Aaron Turner, “Black Alchemy,” 2018 in “Refracting Histories” at the Museum of Contemporary Photography
“Refracting Histories” is an exhibition that aims to reexamine historical photography and its implications in modern society. Looking into photographic work that is often discriminatory and misogynistic, the eight artists examine in critical detail the meanings and expressions of earlier photographers. Some of the photographers appropriate and merge historical photographs into their own scenarios while others construct their own versions of the past/present dichotomy.
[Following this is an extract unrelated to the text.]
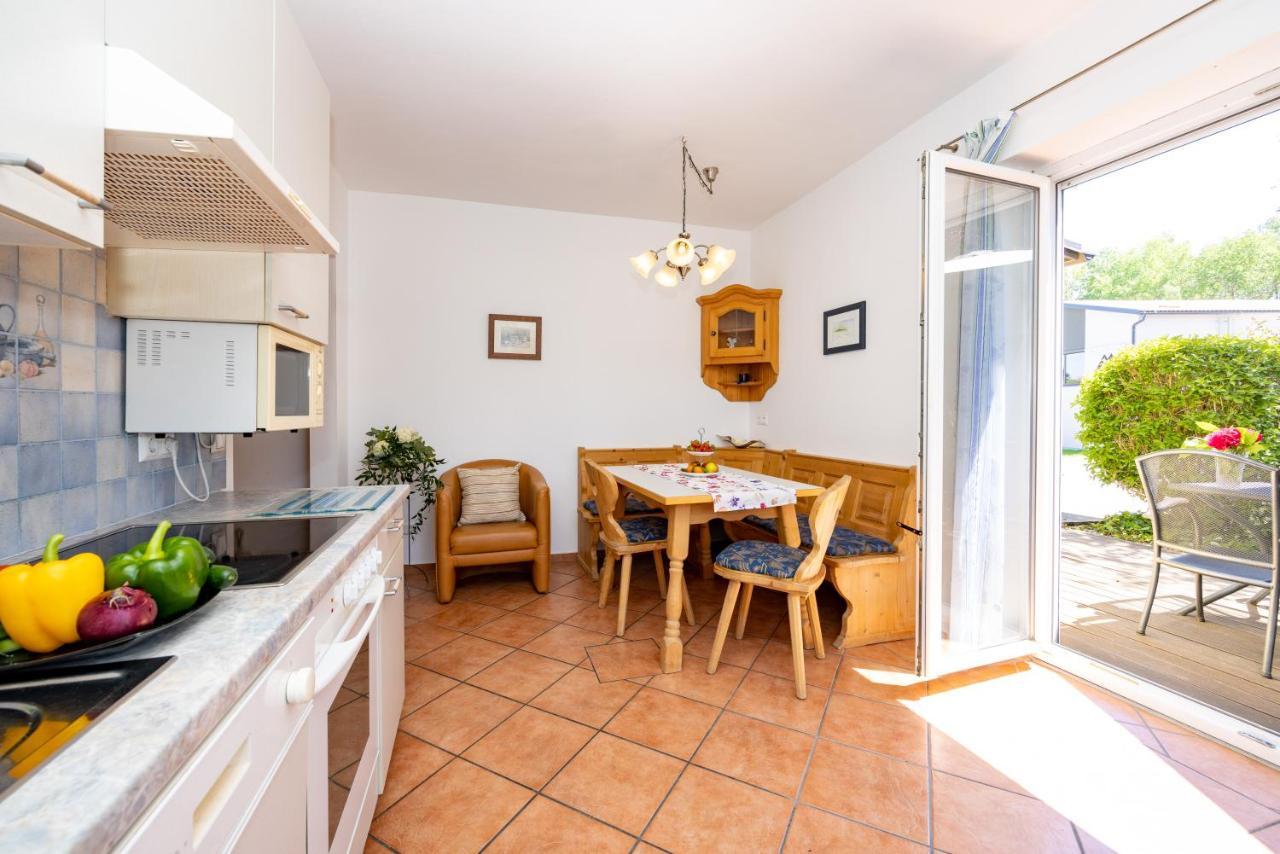 Appartements Walzl Maria Lankowitz Εξωτερικό φωτογραφία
One of the most powerful series was created by young Arkansas-based photographer Aaron Turner. Turner has taken an existing image of abolitionist statesman Frederick Douglass and recreated it in multiple photographic media, even including a striking daguerreotype. The many processes Turner uses are as much a lesson in the history of photography as the history of racial discrimination. The repeated, fractured image of Douglass speaks volumes about the history of this country.
Kelli Connell and Natalie Krick jointly created a group of photographs presented as an installation, “o_Man!” The images speak to Edward Steichen’s exhibition “The Family of Man” through a feminist perspective. The pair appropriated both Steichen’s images and images from the 1955 exhibition at MoMA, adding their own spin with dark humor in a pointed dialogue about power and its historical relation to males.
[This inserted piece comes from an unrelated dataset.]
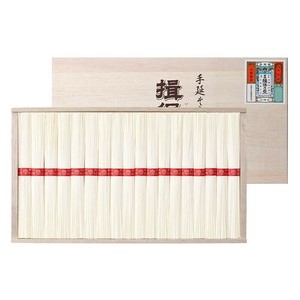 揖保乃糸 上級(木箱入り) 上級50g×36束 素麺 そうめん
Using her own body as a model, Peruvian-born Tarrah Krajnak shows a series called “Master Rituals II: Weston’s Nudes,” recreating nude images Edward Weston made of models in the 1920s. In each of Krajnak’s photographs, the Weston photograph it references makes an appearance. While Weston made the images of his models/muses/romantic partners as if they were objects, Krajnak shows the process of photography, shutter release in hand. The power is hers—it is she who is in control of the image as well as being its subject.
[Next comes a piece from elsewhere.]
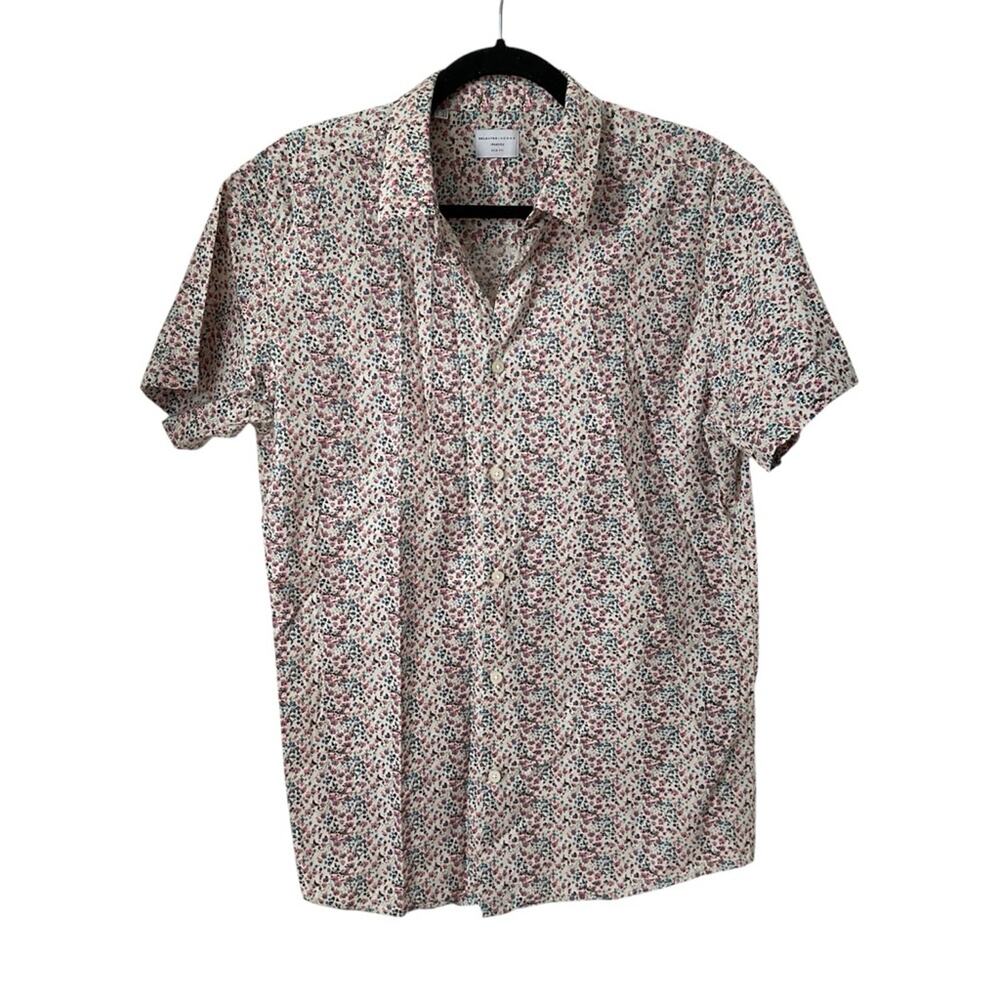 Selected Homme‎ Itentity slim fit shirt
Sonja Thomsen, “Orbiting Lucia”
In what is essentially a two-story installation, Sonja Thomsen uses the museum’s stairwell as well as space on both floors to celebrate Lucia Moholy, the all-but-invisible wife of the famous László Moholy-Nagy. Although Moholy-Nagy garnered all the credit and accolades for his work, Lucia made enormous contributions to her husband’s work in the eight years they were married. Thomsen’s installation merges video, sculpture, light and photography to convey Lucia’s value in the collaborations for which she received literally no acclaim.

Tom Jones, “A Menominee Landscape,” 2013
On the Museum’s third floor, an extensive installation by Ho-Chunk artist Tom Jones reimagines the work of Edward Curtis in his book “North American Indian,” in which Curtis flattened Indigenous Americans into ethnic generalities. Jones has installed his own photographs of unnaturally bright-green plastic plants that appear similar to the plants in Curtis photographs as a metaphor for their artificiality.
Other artists in the exhibition are Nona Faustine, who uses her own nude body to represent sites in and around New York where history of enslavement occurred and Colleen Keihm, who collages fragments of auction catalogues to examine the art market and its blatant discrimination.
On view through April 2, 2023, Museum of Contemporary Photography, 600 South Michigan.